▶ WHAT YOU SHOULD DO:
Reproduce every record below exactly as it appears.

▶ RECORDS FOR THIS TASK:
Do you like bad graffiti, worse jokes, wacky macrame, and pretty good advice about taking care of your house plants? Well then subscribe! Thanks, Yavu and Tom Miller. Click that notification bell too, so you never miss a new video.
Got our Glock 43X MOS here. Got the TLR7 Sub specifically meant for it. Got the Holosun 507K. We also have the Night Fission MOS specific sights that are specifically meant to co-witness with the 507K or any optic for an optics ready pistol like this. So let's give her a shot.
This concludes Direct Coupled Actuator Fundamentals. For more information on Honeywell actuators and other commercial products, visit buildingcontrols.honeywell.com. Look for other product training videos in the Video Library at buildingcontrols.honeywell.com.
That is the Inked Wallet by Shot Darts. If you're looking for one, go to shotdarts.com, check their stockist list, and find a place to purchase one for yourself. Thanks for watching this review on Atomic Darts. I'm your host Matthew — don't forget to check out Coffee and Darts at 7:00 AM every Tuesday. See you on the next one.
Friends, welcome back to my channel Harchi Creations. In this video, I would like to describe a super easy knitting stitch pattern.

▶ RESPONSE TO THE TASK:
Do you like bad graffiti, worse jokes, wacky macrame, and pretty good advice about taking care of your house plants? Well then subscribe! Thanks, Yavu and Tom Miller. Click that notification bell too, so you never miss a new video.
Got our Glock 43X MOS here. Got the TLR7 Sub specifically meant for it. Got the Holosun 507K. We also have the Night Fission MOS specific sights that are specifically meant to co-witness with the 507K or any optic for an optics ready pistol like this. So let's give her a shot.
This concludes Direct Coupled Actuator Fundamentals. For more information on Honeywell actuators and other commercial products, visit buildingcontrols.honeywell.com. Look for other product training videos in the Video Library at buildingcontrols.honeywell.com.
That is the Inked Wallet by Shot Darts. If you're looking for one, go to shotdarts.com, check their stockist list, and find a place to purchase one for yourself. Thanks for watching this review on Atomic Darts. I'm your host Matthew — don't forget to check out Coffee and Darts at 7:00 AM every Tuesday. See you on the next one.
Friends, welcome back to my channel Harchi Creations. In this video, I would like to describe a super easy knitting stitch pattern.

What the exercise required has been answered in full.